Acknowledge that it’s bigger than us. I am asking you to play a long game. Reposting one woman’s story or doing one favor at work might feel virtuous in the short term, but being supportive, as an adjective, requires a greater commitment to change. Think about physical conditioning and the length of time you have to train to feel a difference. Instinctively responding to other women in a new manner won’t just take weeks. It will take months, and even this Herculean task pales in comparison to the real boulder we are trying to move: creating change that inspires other women.
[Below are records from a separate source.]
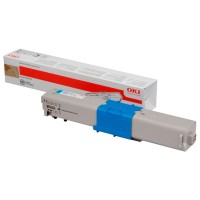 Тонер-картридж C332/MC363 1.5K блакитний Oki (46508739/46508715)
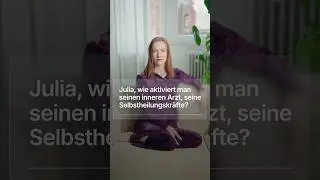 Warum dein K&ouml;rper sich selbst heilen kann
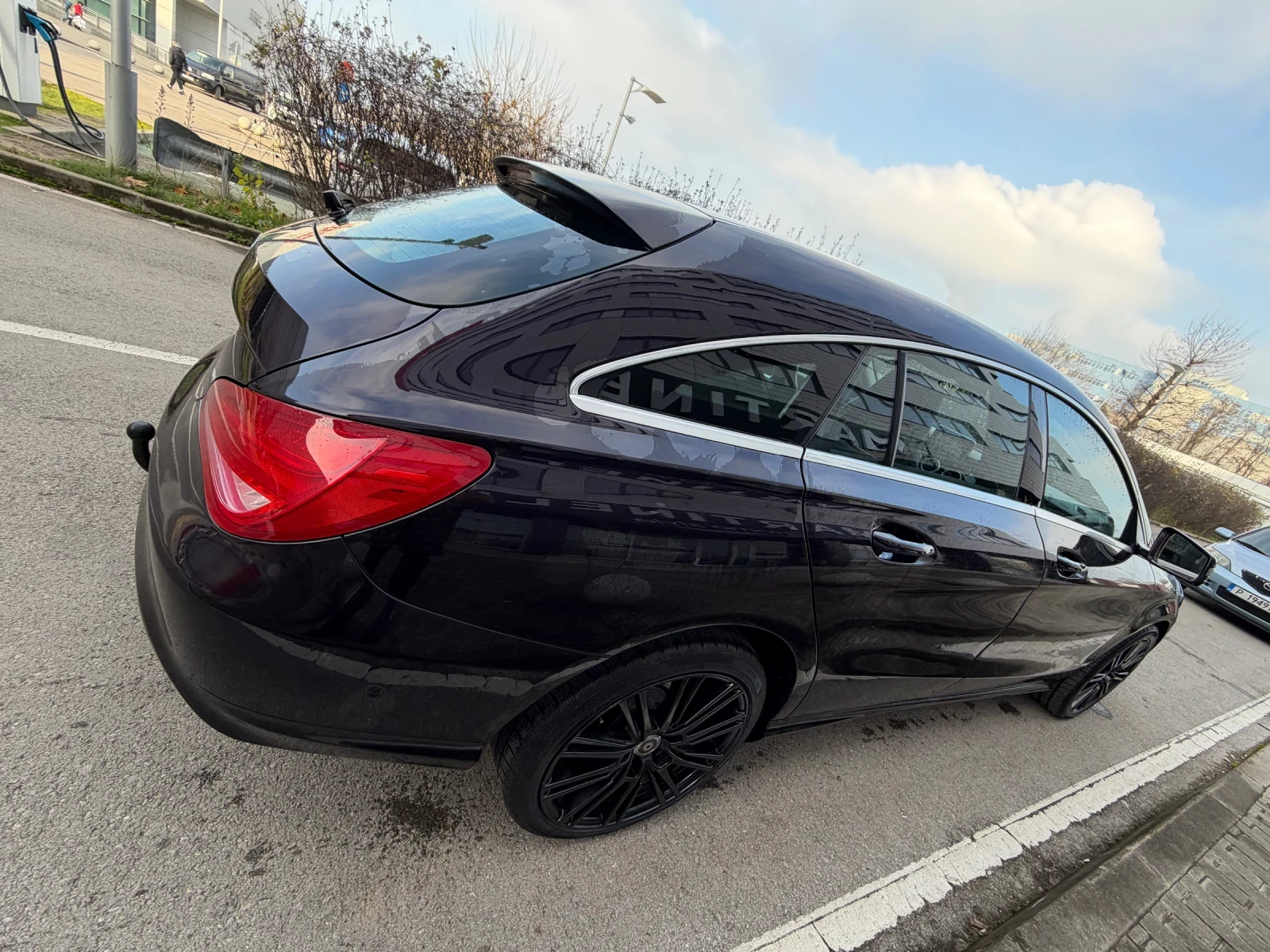 Mercedes-Benz CLA 220 2.2CDI* 7G* ���������* �����* ����� | Mobile.bg � ����������� 8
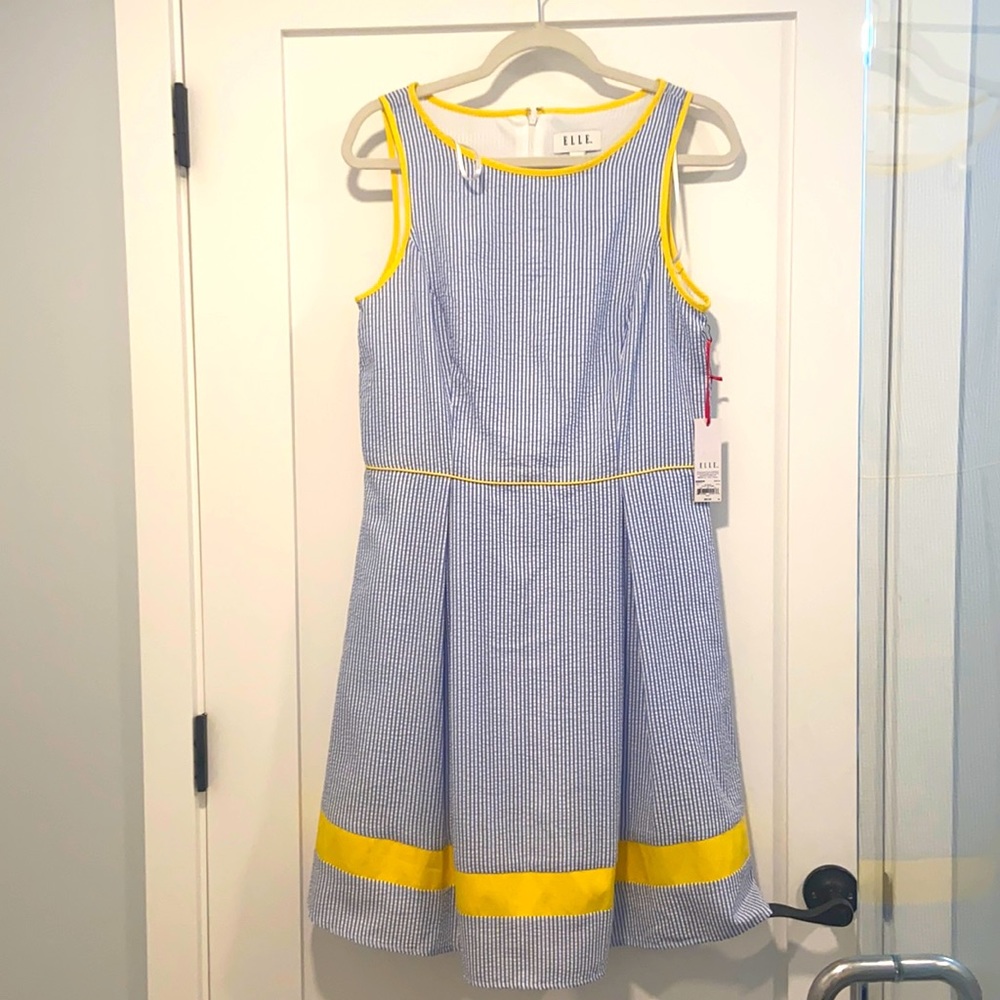 NWOT Elle Summer Dress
The more you advocate and champion other women, the more they adopt the same ethos. The more women who adopt the same ethos, the more everyone is forced to normalize it.
It’s okay to get excited over a viral moment, which can be a great catalyst for awareness. But the risk lies in believing it’s that simple now: Buying some merch. Attending a lunch and learn. Reposting a square. Deep down, know it is not that simple. Women becoming more supportive of each other requires a revolution through generations, not hashtags. But it starts with our willingness to identify the moments where we can step up, and to actually do it. Let’s start there.
Do you have more ideas about how we can support each other? I want to hear them. Email averagejoelle3@gmail.com or drop in the comments below.
Also
I have COVID. My brain is an egg omelette. If I wasn’t so hyped up on this topic I wouldn’t have published this week. S/O to Vick’s VapoShower tablets, Mucinex, and BreatheRight nasal strips. Sorry for not having our typical pics, links, and tiny victories to share. As they say, I’ll circle back ASAP :)
Very well said. I have read many posts touching on the increasingly important topic of women supporting women...yours stands out. You speak in realistic terms, keying in on competition's pitfalls, while providing action steps one can undertake to better the situation. As a human being first and the father of a daughter second, the importance of women supporting women, in a male dominated world, cannot be overstated. I hope your COVID passes quickly.
So, so good Heather! You have such a gift of putting words to what so many women feel. I just texted some friends because of this article, trying to do my small part. :) Feel better and know you are appreciated!